The rest of the paper is structured as follows: Section 2 overviews the related work, while Section 3 introduces the CF_DR algorithm. Section 4 reports on the methodology for tuning the algorithm operation and evaluates the presented algorithm. Finally, Section 5 discusses the experimental results and presents a comparison with state-of-the-art algorithms addressing the sparsity issue, while Section 6 concludes the paper and outlines future work.

2. Related Work

CF-based RS prediction accuracy is a field that has attracted significant research efforts over the last years [30,31,32]. In contrast, research in CF-based RS coverage is less developed.

Vozalis et al. [33] present ItemHyCov, which is a CF-based prediction algorithm that combines the strengths of user-based and item-based CF approaches into a feature combination hybrid CF approach, targeting to upgrade the CF rating prediction coverage in sparse CF datasets. In order to achieve its goals, the ItemHyCov algorithm introduces a preprocessing hybrid combination step. However, it necessitates both extra preprocessing time and extra storage space, as well as continuous updates. The CF_negNNs algorithm presented in [26] increases the CF rating prediction coverage in sparse datasets, by incorporating, in the rating prediction computation process, users with negative similarity to the user for whom the rating prediction is computed. Margaris et al. [27] propose the CF_VNN algorithm, which creates virtual user profiles, termed virtual NNs (VNNs), by merging pairs of NN profiles corresponding to real users having high similarity. The introduction of the VNN profiles contributes to the alleviation of the “grey sheep” problem. Additionally, Margaris and Vassilakis [29] present an algorithm, termed CF_FOAF, which adopts the friend-of-a-friend concept in CF, in the sense that two users can be considered as NNs with each other if they are NNs to a third user. Effectively, the CF_FOAF algorithm explores the effect of considering transitivity of the NN relationships, examining different parameters of computing properties of the derived relationships.

Pham et al. [24] present a clustering CF recommendation algorithm that exploits social relationships between social network (SN) users to identify their social neighbourhoods. It applies a complex network clustering technique on the SN users to formulate similar user groups and, then, uses traditional CF algorithms to generate the recommendations. Wang et al. [34] combine CF techniques with user trust relationships and put forward the recommendation approach based on trust delivery, in order to solve the data sparsity and cold-start problems that the sparse CF datasets suffer from.
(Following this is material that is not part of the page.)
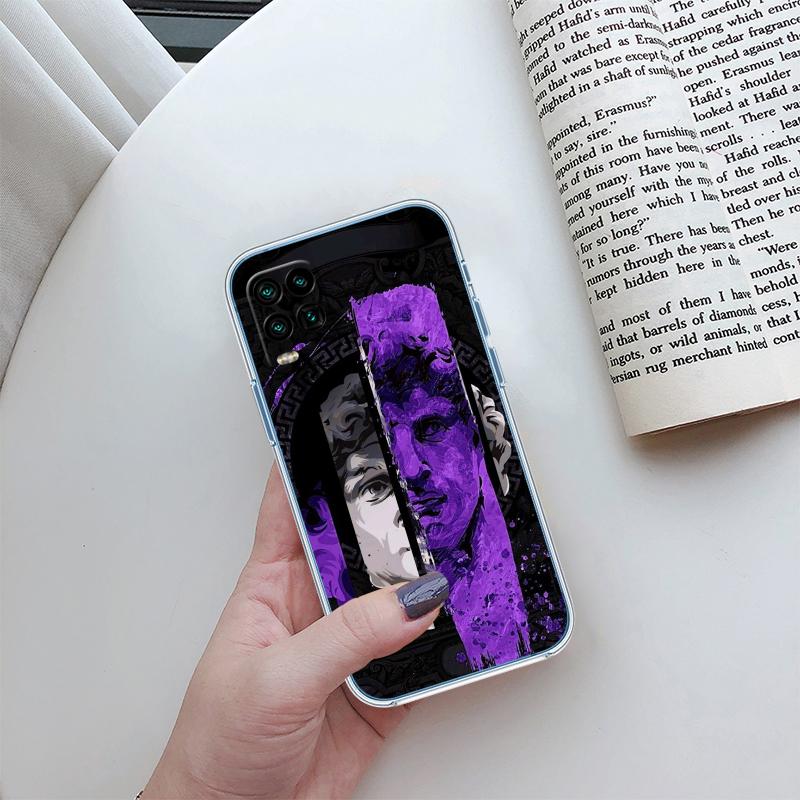 Fresco Adam Sculpture Transparent Phone Case for Motorola Moto G7 G8 G9 G84 G85 G73 G24 G15 Z2 Play Power Plus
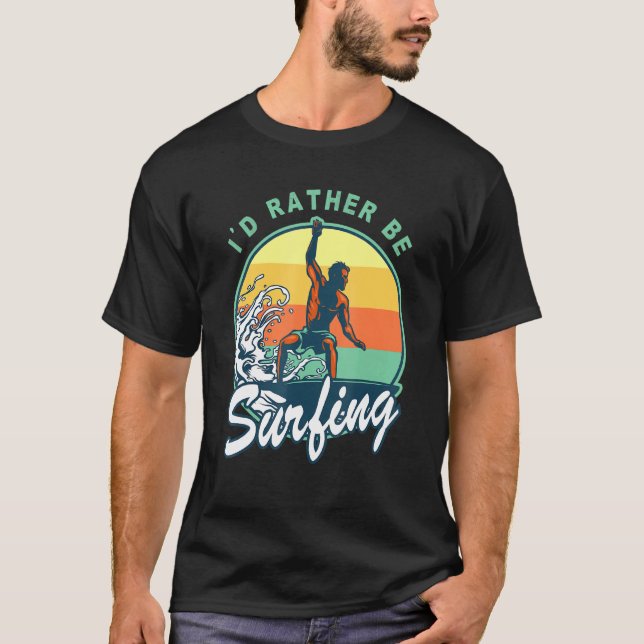 Camiseta Preferencialmente Id Surfing Surfer 70s 80s Sunset (Frente)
Jiang et al. [35] propose an algorithm which fuses trusted rating data (i.e., rating data that have been upvoted by community users as “helpful”) with user similarity and, subsequently, applies an improved version of the slope one algorithm to generate rating predictions. The proposed algorithm comprises three procedures, namely the selection of trusted data, similarity calculation between users, and weight factor addition to the aforementioned similarity, in order to create the recommendation equation. Zarei and Moosavi [36] propose a social memory-based CF algorithm and examine the impact of integrating social ties on both prediction coverage and accuracy. Moreover, in order to tune the contribution of SN information, the proposed algorithm incorporates a learning method as a weight parameter in the proposed similarity measure. Margaris et al. [37] propose an algorithm that targets SN RSs that operate using sparse user-item rating matrices, as well as sparse social graphs. For each user-item prediction, the proposed algorithm computes partial predictions for item ratings from both the user’s CF neighbourhood and SN neighbourhood, which are then combined using a weighted average technique. The weight is adjusted to fit the characteristics of the dataset. For users that have no CF or SN NNs, item predictions are based only on the respective user’s social neighbourhood or CF neighbourhood, respectively. All the aforementioned approaches significantly improve CF rating prediction coverage. However, the improvement is based on information derived from complementary information sources (e.g., a SN), which is not always available.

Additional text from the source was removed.